I used to be a timid gardener, willing to plant but reluctant to weed or prune or replant. Who was I to say which growing things deserved to live, once growing, how far they could extend their reach or where they were rooted? Live and let live was pretty much my motto. The result wasn’t pretty.
Well into my second full summer here in Rhode Island, I have found my horticultural heuvos. I pull weeds with a vengeance and prune branches with confidence. And I’m beginning to get into the idea of digging up specimens and tucking them back into the soil somewhere else.
Just this afternoon, I took up those three flowering tobacco plants whose leaves turned out to be way larger than I’d expected, and I put them behind the impatiens they’d upstaged. Then I took one of the impatiens plants and slipped it into the space where the tobacco had been. And then I gave the plants a nice soaking to help them settle into their new homes.
The whole operation took less than fifteen minutes. It was enormously satisfying. The corner of the bed no longer looks stupid, and I feel that much less like a helpless bystander in my little plot on earth. I’m feeling the same way about my writing.
For the last little while I’d been anticipating my agent’s editorial notes on Little Grandma’s Mirror. As I waited, too distracted to work on any other project, I started imaging worst-case scenarios. Sure he liked the book enough to take it on, I reasoned, but now that he’s gone over it more carefully he’s realized he made a mistake.

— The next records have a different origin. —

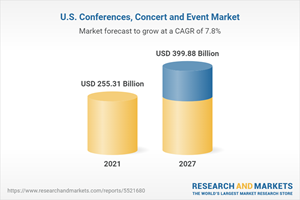 Conferences, Concert and Event Market Report 2022 in the United States: Deploying the Best Technology That Can Handle Entire Events Drives Growth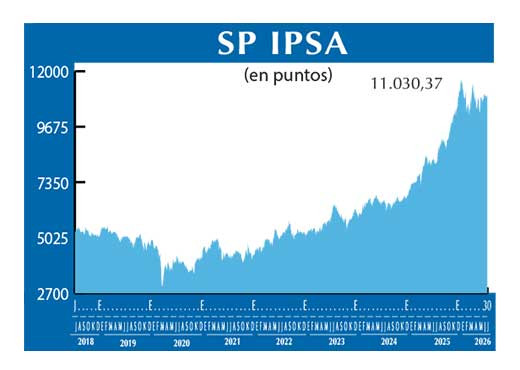 SP IPSA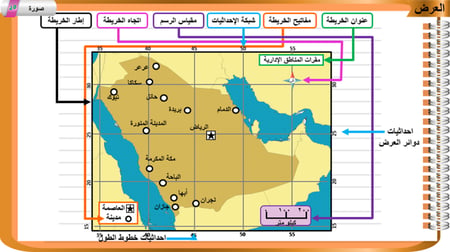29) عناصر الخريطة (العنوان و المقياس)
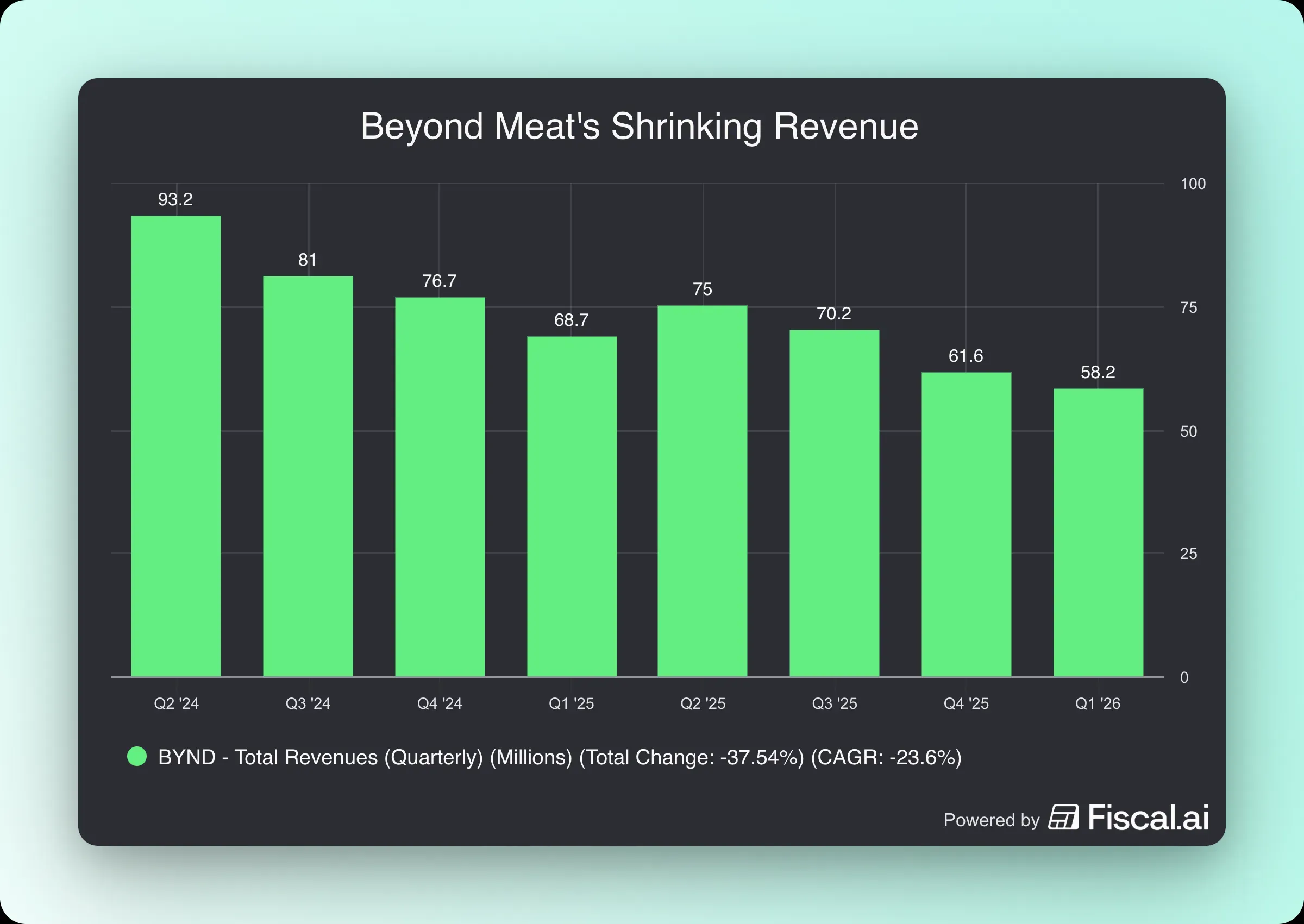 Chart Showing BYND's Revenue.Source:Koyfin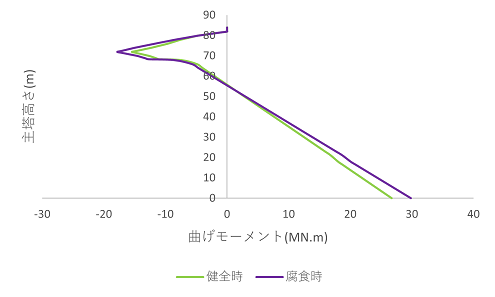 https://www.str.ce.akita-u.ac.jp/~gotouhan/j2023/akiyama/seismic/enkan/sekkeikazyu/moment_syutou.png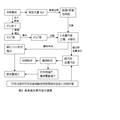 高含硫氣井井噴事故對環(huán)境污染情況及其修復(fù)研究--以重慶市開縣“12.23”特大井噴事故為例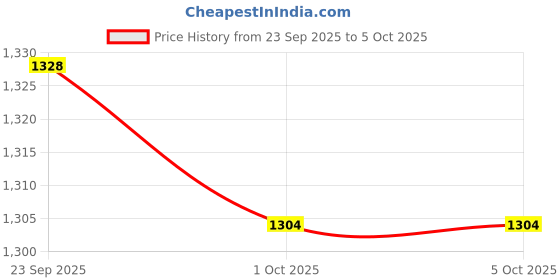 tatacliq.com Inc.5 Women's Pewter Toe Ring Wedges inc.5 Price History Graph from 23 Sep 2025 to 4 Oct 2025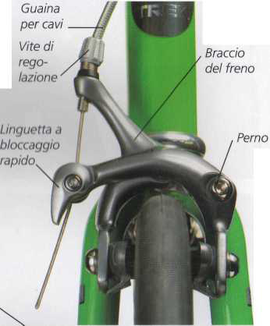 Vi Di Regolazione Della Leva Del Freno Della Bicicletta Bulloni Di - Foto 3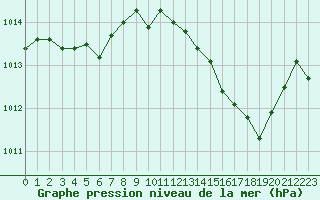 Courbe de la pression atmosphrique pour Fiscaglia Migliarino (It)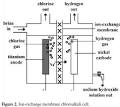 Journal of the Brazilian Chemical Society   Electrochemical routes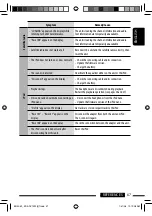 Предварительный просмотр 67 страницы JVC KD-ADV7490 Instruction Manual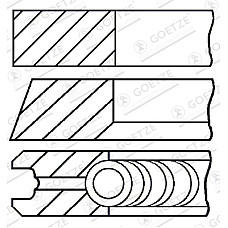 Set segmenti piston 795 STD 175 2 3 EN piston AUDI A1 A3 SEAT ALTEA ALTEA XL IBIZA IV IBIZA IV SC IBIZA IV ST LEON TOLEDO IV SKODA FABIA II OCTAVIA II RAPID 1.2D/1.6D 02.09- GOETZE 08-432900-00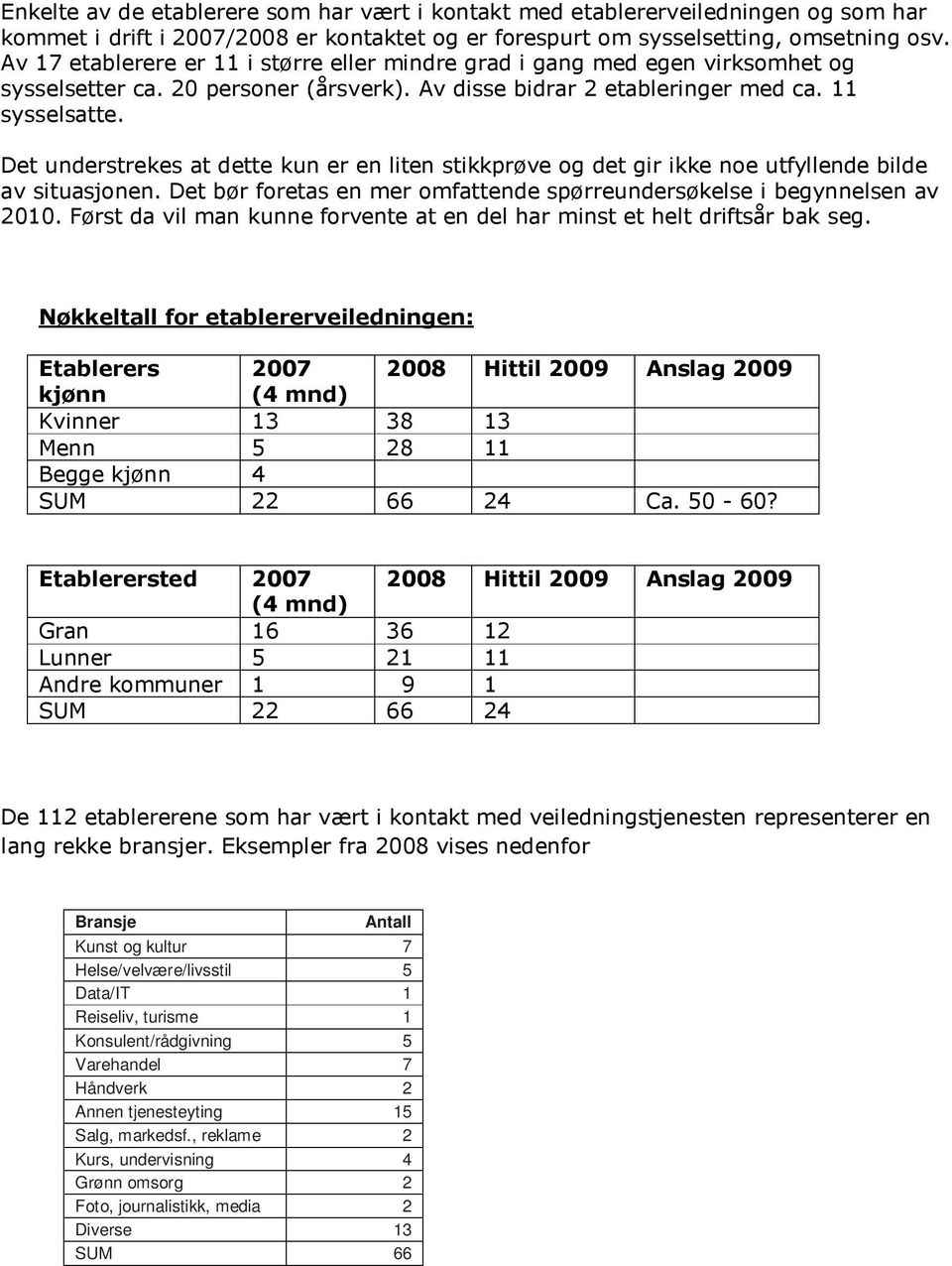 Det understrekes at dette kun er en liten stikkprøve og det gir ikke noe utfyllende bilde av situasjonen. Det bør foretas en mer omfattende spørreundersøkelse i begynnelsen av 2010.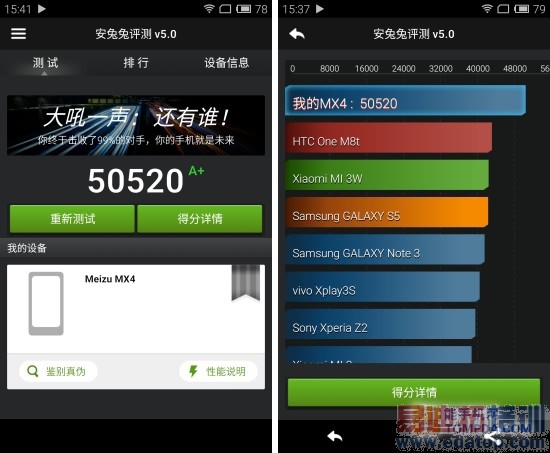 ����MX4ȫ��λ�ռ����⣨ͼ�ģ�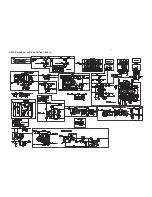 Preview for 12 page of Philips MCM355 Service Manual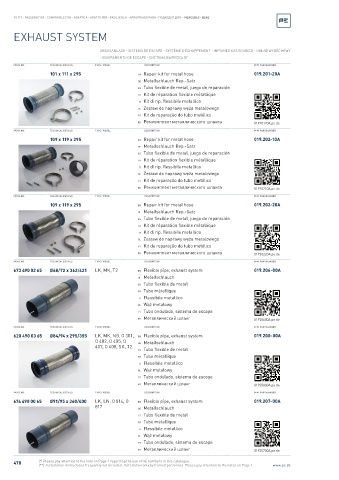 Spare parts cross-references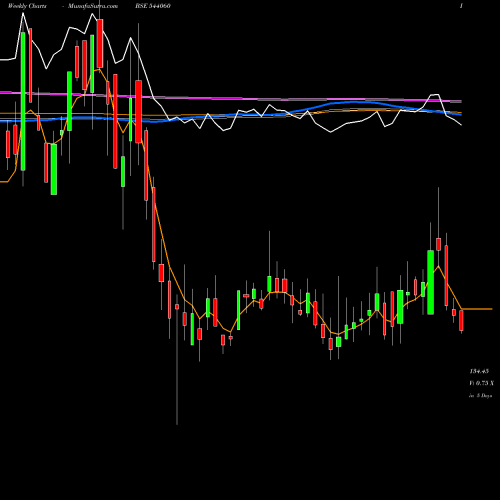 Weekly charts share 544060 RBZJEWEL BSE Stock exchange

The edits arrived in my inbox on Sunday. They were very thorough. The cover letter stretched over six page – about three times as long as I’d expected. And the attached copy of the manuscript was covered with the electronic, track-changes equivalent of red ink.
Of course he said nice things. He told me how much he loved the book and assured me that I could pull off the revisions it needed to be really great. But those words barely registered. All those questions and comments had thrown me into defensive mode.
I worked as an newspaper editor for several years, so I’m familiar with red ink. But not from the receiving end. Never before has anyone had so much to say about anything I’ve written. Then again, never before have I written a novel of 300+ pages.
I spent a day “processing.” That is, I forced myself to read the comments carefully enough to summarize them in my own words, and I got used to the idea that my ambition to be a writer was ridiculous and unnecessary. Plenty of people live perfectly happy lives without ever trying to publish novels. Without all that pesky composing and revising I’d have more time for less stressful pursuits. Like gardening. All I had to do was work up the nerve to tell my agent when we talked on the phone this morning.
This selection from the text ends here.